In the Colorado River, the flow of water created a canyon a mile deep and 15 miles across.
On the Kissimmee River, which runs down the center of the state and connects Central Florida to the Everglades, the terrain is flat and the flow much more subtle. But its impact is no less miraculous.
Federal engineers are filling in a flood-control canal that once emptied the marshes like a bathtub drain. The wild things died or fled. But now the water is returning to its old channel, and life is returning to the river. The otters are chasing the big fish that are chasing the little fish that flee to the marsh where the wading birds are waiting for them.
It is one massive food fight and a wonder to behold.
But putting nature back together again is not cheap. The initial price tag of tens of millions of dollars has escalated into hundreds of millions of dollars. At the time this restoration was conceived, money was no object. But now, with debts and deficits, with fired teachers and the poor in need of doctors, with the Great Recession that in Florida has become the Mini Depression, paying for paradise has become a luxury item.
Florida has invested in its environment like no other state. In addition to putting our rivers and lakes back together again, we have spent billions of dollars on millions of acres of land. No price was considered too absurd for what previously had been classified as worthless swamp.
The mantra was buy it now or it would be paved tomorrow. This created a sense of urgency, a mad dash to get it while we could. We had jammed roads, crowded schools and the cultural amenities of Kazakhstan, but we had, by far, the finest system of state parks in the nation.
And then the economy came tumbling down.
It wiped out household budgets, school budgets, city budgets and state budgets.
It drained the real estate taxes and property taxes that were funding our green movement.
You need green to be green.
The growth monster that was destroying Florida also was the benefactor paying for its preservation. And now that the economy is keeping that monster in check, and worthless swamp is once again valued at the price of worthless swamp, we are flat broke.
We once spent $300 million a year buying land through the Forever Florida program. That money all but vanished back in 2008. The state keeps cranking out a priority list of parcels it wants to buy, 2 million acres at last count. But that’s like me wistfully walking through a BMW dealer lot and looking at the prices in the back windows.

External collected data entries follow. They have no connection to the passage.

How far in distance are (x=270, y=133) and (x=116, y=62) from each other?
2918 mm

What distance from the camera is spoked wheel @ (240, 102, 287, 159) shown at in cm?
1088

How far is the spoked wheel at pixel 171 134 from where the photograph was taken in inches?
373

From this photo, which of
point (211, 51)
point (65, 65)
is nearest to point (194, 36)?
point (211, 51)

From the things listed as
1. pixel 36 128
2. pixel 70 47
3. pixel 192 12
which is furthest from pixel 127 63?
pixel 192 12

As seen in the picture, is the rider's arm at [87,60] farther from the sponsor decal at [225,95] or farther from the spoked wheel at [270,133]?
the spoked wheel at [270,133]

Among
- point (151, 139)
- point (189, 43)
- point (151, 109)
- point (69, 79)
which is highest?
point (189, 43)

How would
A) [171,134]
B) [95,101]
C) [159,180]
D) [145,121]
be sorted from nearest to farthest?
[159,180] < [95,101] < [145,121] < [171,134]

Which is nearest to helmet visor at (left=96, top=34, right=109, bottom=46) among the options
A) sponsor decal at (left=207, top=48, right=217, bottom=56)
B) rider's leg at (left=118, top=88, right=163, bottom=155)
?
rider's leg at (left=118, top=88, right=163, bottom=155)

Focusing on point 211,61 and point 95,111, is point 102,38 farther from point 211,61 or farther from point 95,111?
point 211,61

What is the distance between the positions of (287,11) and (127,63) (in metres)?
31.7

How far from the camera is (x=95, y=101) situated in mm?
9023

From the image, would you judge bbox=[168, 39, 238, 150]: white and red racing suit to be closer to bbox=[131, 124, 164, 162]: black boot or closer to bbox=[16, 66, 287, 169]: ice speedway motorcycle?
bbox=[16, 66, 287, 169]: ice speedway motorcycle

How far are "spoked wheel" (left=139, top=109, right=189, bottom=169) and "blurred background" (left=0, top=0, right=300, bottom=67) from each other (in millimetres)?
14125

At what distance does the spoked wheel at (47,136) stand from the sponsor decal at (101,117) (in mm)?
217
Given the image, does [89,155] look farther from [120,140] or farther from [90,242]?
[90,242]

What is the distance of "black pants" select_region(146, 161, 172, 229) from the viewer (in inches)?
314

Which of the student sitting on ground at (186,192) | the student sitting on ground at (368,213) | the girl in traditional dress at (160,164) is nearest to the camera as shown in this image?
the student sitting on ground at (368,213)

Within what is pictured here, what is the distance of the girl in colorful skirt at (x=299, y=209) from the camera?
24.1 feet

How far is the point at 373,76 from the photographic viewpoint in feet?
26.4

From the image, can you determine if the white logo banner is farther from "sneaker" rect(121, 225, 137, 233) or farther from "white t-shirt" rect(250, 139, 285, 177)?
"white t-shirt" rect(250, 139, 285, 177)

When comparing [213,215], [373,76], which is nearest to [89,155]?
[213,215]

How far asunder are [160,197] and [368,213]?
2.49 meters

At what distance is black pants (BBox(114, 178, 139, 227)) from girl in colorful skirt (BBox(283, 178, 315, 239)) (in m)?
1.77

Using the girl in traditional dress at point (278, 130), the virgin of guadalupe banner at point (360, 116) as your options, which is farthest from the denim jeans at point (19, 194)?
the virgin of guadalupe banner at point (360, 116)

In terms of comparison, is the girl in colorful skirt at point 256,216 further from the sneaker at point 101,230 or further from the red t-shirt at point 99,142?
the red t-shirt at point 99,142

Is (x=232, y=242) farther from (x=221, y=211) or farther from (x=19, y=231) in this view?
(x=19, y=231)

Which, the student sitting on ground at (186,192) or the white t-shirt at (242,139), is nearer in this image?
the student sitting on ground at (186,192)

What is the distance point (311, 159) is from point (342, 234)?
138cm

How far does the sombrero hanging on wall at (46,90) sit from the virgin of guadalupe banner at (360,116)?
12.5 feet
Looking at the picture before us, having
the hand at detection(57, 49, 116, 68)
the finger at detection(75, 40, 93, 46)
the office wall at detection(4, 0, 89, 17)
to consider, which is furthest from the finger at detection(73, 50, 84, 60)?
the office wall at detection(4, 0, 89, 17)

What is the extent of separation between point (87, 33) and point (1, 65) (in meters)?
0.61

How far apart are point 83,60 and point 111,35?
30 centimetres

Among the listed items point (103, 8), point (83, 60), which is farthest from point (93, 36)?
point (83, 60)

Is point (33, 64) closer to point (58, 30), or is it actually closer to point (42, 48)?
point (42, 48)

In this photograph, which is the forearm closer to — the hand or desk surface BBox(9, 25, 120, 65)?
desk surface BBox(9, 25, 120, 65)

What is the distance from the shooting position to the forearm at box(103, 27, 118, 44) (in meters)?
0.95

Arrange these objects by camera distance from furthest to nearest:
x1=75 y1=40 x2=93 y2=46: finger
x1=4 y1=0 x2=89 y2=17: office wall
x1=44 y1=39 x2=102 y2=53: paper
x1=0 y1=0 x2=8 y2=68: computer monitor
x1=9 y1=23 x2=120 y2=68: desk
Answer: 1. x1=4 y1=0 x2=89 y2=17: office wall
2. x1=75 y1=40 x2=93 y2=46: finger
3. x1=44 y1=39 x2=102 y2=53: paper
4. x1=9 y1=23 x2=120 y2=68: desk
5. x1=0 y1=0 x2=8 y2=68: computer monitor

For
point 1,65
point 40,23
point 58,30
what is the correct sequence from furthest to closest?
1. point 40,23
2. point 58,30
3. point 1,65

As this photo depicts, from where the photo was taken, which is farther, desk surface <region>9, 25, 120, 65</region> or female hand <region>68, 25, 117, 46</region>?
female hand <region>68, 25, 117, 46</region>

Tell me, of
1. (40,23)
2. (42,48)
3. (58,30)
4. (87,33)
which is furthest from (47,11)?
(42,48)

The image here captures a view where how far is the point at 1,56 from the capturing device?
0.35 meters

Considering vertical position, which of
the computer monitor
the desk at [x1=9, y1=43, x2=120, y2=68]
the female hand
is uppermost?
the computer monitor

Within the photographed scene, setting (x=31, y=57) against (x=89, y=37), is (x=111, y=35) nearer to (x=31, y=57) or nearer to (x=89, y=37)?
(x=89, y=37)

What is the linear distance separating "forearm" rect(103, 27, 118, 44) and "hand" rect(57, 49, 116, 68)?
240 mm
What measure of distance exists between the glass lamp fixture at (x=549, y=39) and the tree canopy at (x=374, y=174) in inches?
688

There is a decided lack of protest, even from the environmentalists. It is a bit much to expect people to worry about green when they are worrying about their next house payment or losing their family’s health insurance. When a state is firing teachers, slashing nursing-home care and denying life-saving treatments for the sick, suddenly things like the food chain on the Kissimmee River become a luxury.

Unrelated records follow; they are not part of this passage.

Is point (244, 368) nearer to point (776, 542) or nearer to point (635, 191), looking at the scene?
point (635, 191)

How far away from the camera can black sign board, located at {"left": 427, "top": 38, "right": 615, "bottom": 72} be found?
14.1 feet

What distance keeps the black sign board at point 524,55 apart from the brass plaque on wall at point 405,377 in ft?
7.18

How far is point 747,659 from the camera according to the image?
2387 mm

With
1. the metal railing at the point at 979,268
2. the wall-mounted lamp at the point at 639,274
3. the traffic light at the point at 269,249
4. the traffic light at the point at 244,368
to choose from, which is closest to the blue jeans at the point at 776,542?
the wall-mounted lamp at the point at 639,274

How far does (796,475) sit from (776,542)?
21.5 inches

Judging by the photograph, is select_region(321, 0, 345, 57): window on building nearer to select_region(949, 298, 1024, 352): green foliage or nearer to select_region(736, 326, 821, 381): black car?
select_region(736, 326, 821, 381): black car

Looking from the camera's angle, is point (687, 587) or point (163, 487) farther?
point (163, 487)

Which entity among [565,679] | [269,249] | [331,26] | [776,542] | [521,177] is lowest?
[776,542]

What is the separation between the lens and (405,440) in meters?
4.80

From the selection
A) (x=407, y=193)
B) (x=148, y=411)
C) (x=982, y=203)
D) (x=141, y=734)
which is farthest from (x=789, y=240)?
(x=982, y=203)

And there is no media to come to the rescue. As an environmental reporter, I hounded the regulators and politicians. I documented the casualties of development and flagged the worst offenders. I spent two days a month at the water management district, getting the lowdown on who was paving what and where.
The media is supposed to be objective. But the reality is that we were, in large part, the marketing arm of the green movement. You wrote about the wild things because you cared about the wild things.
But now, like everyone else, the media is in its own fight for survival. Crumbling budgets and fierce competition for Web traffic have made bird-dogging the environment expendable.
As much as I’d like to think it is, going out to the Kissimmee River and marveling at its beauty is no longer a priceless experience.
Native Floridian and longtime Orlando columnist Mike Thomas is a freelance writer.